MANILA, Oct. 7 (UPI) — The Philippines announced Friday it has suspended joint naval patrols with the United States in the South China Sea, as it moves away from its alliance with the United States, and toward China.
When asked if the United States had been informed of the policy change, Lorenzana said, “They know it already. There is no [current joint] patrol in the South China Sea.”
President Rodrigo Duterte has said he seeks an end to the joint patrols to avoid antagonizing China, which has claimed sovereignty over much of the South China Sea.
Philippine Defense Secretary Delfin Lorenzana said he informed the U.S. military that Duterte also wants to halt annual military drills with U.S. forces. This year’s drills began on Tuesday, and will continue through Oct. 12.

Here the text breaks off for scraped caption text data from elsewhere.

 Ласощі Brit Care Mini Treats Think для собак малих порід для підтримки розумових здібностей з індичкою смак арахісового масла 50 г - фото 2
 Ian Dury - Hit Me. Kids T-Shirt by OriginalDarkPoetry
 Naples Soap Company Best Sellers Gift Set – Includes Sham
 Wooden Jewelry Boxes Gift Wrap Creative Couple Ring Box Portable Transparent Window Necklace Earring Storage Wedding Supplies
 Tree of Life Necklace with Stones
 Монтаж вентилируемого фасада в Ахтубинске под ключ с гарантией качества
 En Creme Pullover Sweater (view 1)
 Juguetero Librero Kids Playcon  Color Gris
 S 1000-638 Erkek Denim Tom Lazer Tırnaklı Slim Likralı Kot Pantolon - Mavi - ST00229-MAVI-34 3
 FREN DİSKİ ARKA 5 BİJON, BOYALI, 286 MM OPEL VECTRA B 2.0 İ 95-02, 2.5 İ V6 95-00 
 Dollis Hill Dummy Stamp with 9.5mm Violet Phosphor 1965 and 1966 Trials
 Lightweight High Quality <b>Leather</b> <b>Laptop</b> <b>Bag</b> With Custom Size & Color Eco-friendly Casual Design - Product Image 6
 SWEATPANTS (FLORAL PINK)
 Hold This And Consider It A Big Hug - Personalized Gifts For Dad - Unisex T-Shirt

Lorenzana added that he will ask a small detachment of U.S. soldiers to leave the Philippines, but only after the Philippines can carry out the missions on its own.
Duterte said in September that he wants the U.S.-Philippines exercises in the contested waters to be the final one, speaking of an overreliance on American support and his attempt to develop relationships with other countries, China and Russia in particular. He has often delivered profanity-laced broadsides at world leaders, including President Barack Obama, saying earlier this week that Obama can “go to hell.”
Lorenzana has said weapons will be purchased from Russia and China in the future.
Washington and Manila had increased defense ties in recent years to counterbalance China’s rising influence and territorial aggression in the South China Sea, where it has laid claim to several islands that are claimed by other countries, including the Philippines and Indonesia. A 2014 defense pact between the United States and the Philippines seemed to strengthen their relationship, but Duterte’s June election and his demands for policy changes now leaves those plans undefined.